Online Pharmacy
Pain Killers
soma carisoprodol
Relaxer drugs
viagra online australia
Levitra Cialis Viagra
Cialis comparison levitra
cordarone online online detrol female viagra online order levitra au online cipro online nolvadex online toprol order aciphex online order rx online online rx store naprosyn online vasotec online Muscle Relaxant. Pain Relief. Drugstore protonix drug micardis drug brahmi drug adalat drug altace drug amaryl drug casodex drug celebrex drug cephalexin drug confido drug danasol drug effexor drug lasix drug citotec drug altace drug omnicef drug prozac drug flomax drug aciphex drug zelnorm drug mobic drug levaquin drug atacand drug coreg drug

Hollywood pats itself on the back

CVK
crashIs it just me or did last night’s Oscars feel like a loooooong session of Hollywood congratulating itself for being oh-so-open-minded about race?
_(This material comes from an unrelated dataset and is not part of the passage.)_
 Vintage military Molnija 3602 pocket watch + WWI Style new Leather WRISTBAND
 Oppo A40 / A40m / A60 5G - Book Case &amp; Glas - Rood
First came George Clooney’s speech about how yes, Hollywood may be out of touch, but maybe that’s a good thing. Because Hollywood was talking loudly about AIDS when others were just “whispering” about it, and Hollywood gave Hattie McDaniel an Oscar in 1939 when across the country, black people still had to sit in the back of the theater.

Uhhhh… yes, McDaniel was the first African-American to win an Oscar, but have we forgotten what role it was that she won the award for? For playing Scarlett O’Hara’s Mammy in “Gone With the Wind”!!! This is a role that cemented the black woman in America’s imagination as the sexless, overweight, cheerful but stern caretaker with no needs of her own. Just to show you how deeply engrained this character is - let’s look at this weekend’s top-grossing movie: “Madea’s Family Reunion”–in which Tyler Perry cross-dresses as Madea–who’s basically your classic, sassy mammy character. Ah yes, Hollywood has done well, indeed.
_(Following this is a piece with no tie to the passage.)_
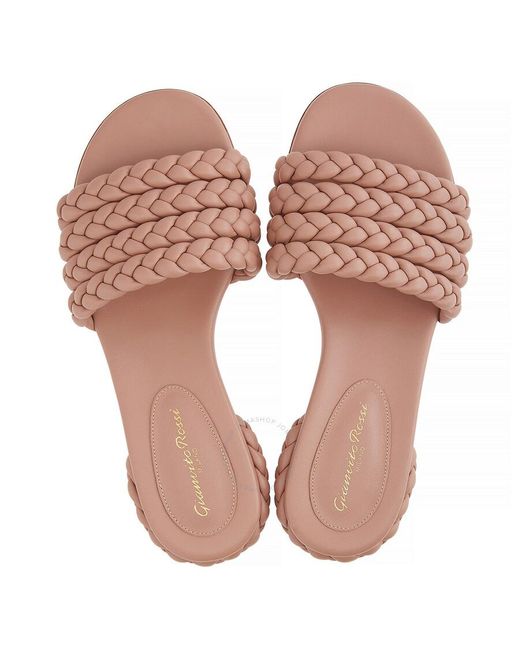 Gianvito Rossi Pink Ischia 20 Braided Nappa Slide S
As the evening went on, the theme seemed pretty clear. First, Three 6 Mafia wins best song for “It’s Hard Out Here for a Pimp” from the movie “Hustle & Flow.” (See? We even give Oscars to rappers! See how open-minded we are?) And then of course, came the big upset of the night - “Crash” beat out “Brokeback Mountain” for Best Picture.
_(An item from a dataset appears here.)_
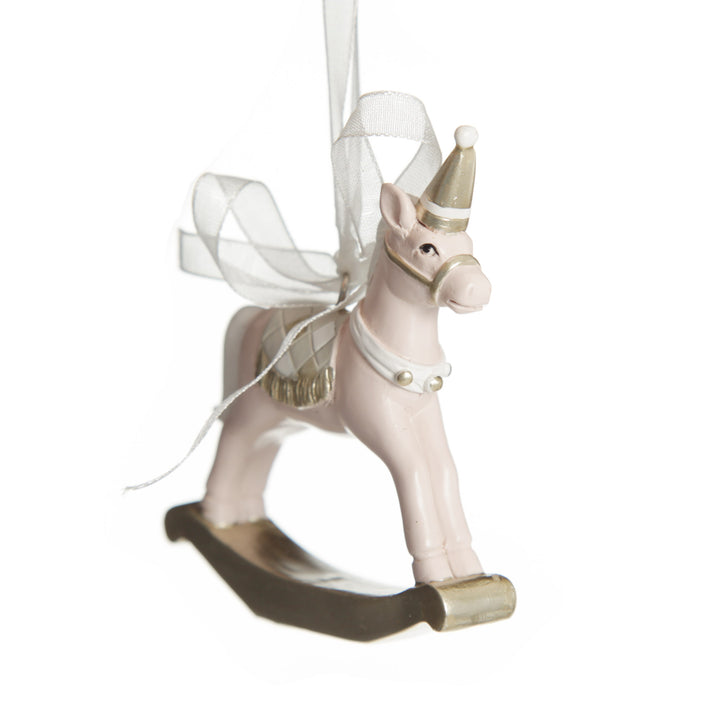 Adorable Pink Rocking Horse and Nutcracker Christmas Decoration - Set of 2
Now, if you’ve read MMW for any amount of time, or if you listen to Addicted to Race, you’ll know that Jen and I are not fans of this movie (see here and here). It was full of unlikely intersections where characters literally “crash” into one another, full of ridiculously unrealistic dialogue. It reinforced the popular notion that racism is loud and melodramatic — consisting of saying bad things about other races, denying the fact that racism can often be as subtle as making assumptions that a certain person possesses certain characteristics simply because of his/her race. And for a movie that was supposed to be all about showing the humanity of each character, exploring the complexity (good and bad) of each ethnic group, it seemed remarkably blase about portraying Asians as bad drivers who can’t speak English and oh, who also run human trafficking rings.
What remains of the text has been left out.